We do regular updates to communicate our progress to members of the team, and to external stakeholders.

Daily Slack updates

Collaborating across timezones requires regular communication to keep each other updated on our progress, and coordinate work handoff if needed. We also use this opportunity to build camaraderie between team members by sharing some non-work related aspects of our lives with each other.

We use Geekbot to facilitate all this and these updates are purely for coordination within the team (as opposed to for external stakeholders). At the start of each working day, Geekbot will ask each teammate a set of questions and the responses will be posted in the #web-chat Slack channel.

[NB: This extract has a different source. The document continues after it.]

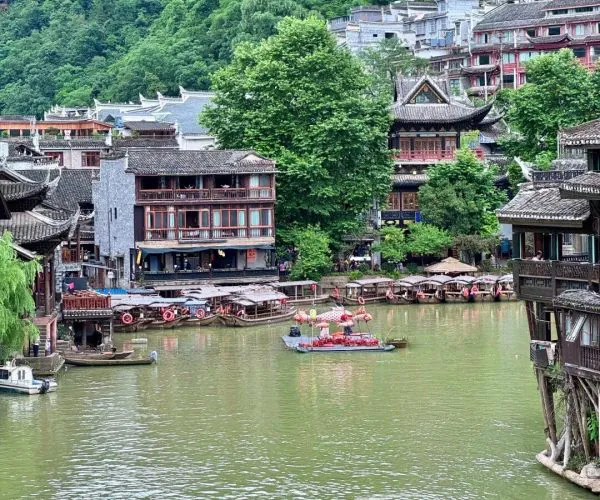 Fenghuang,Hunan,Chinatour Traditional Chinese riverside village with wooden houses and lush green mountains.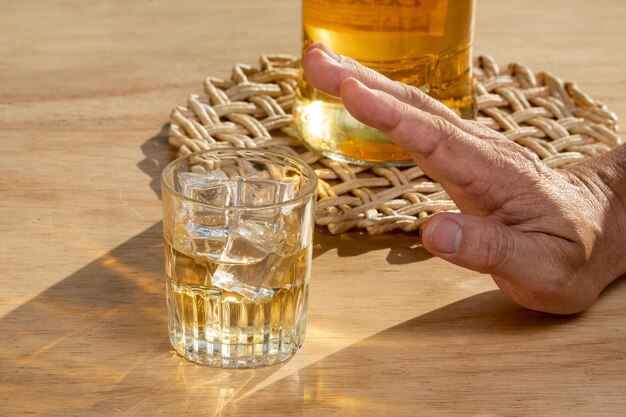 Le mani bloccano a catena un bicchiere di whisky per smettere di bere. concetto di alcolismo. Smettere di bere dipendenza da alcol.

All teammates are expected to be part of this channel, and should read the updates, to learn what your teammates have been working on, and check if they need your help.


After each iteration, we hold a retrospective, to reflect on the past iteration. We use this retrospective to:

  • Understand whether we accomplished the goals we set at the beginning of the iteration. If we didn’t accomplish them, reflect on the reasons why.
  • Discuss things that didn’t go well in the iteration, and identify action items to improve on these in the next iteration.
  • Discuss things that went well in the past iteration, and that we should do more of / invest more into.

At the beginning of each iteration, the engineering manager will:

  • Schedule the retrospective meeting
  • Set up a Slack reminder three days before the retrospective meeting, asking teammates to write their discussion topics in our retrospectives document

We do regular backlog triages together, where we go through the issues in our backlog. This helps us resurface older issues, create shared awareness for existing deficiencies among everyone on our team and ensures no-longer-applicable issues are closed. To manage the load for these triages, a triage may have a specific theme, like “debt” or “performance”.

Team syncs

The web team holds weekly syncs.

The meeting notes of web team syncs can be found in this doc.

Before web team syncs, teammates and stakeholders should write down under “Discussion items” in the meeting notes document anything that they’d like to bring up for discussion with the whole team.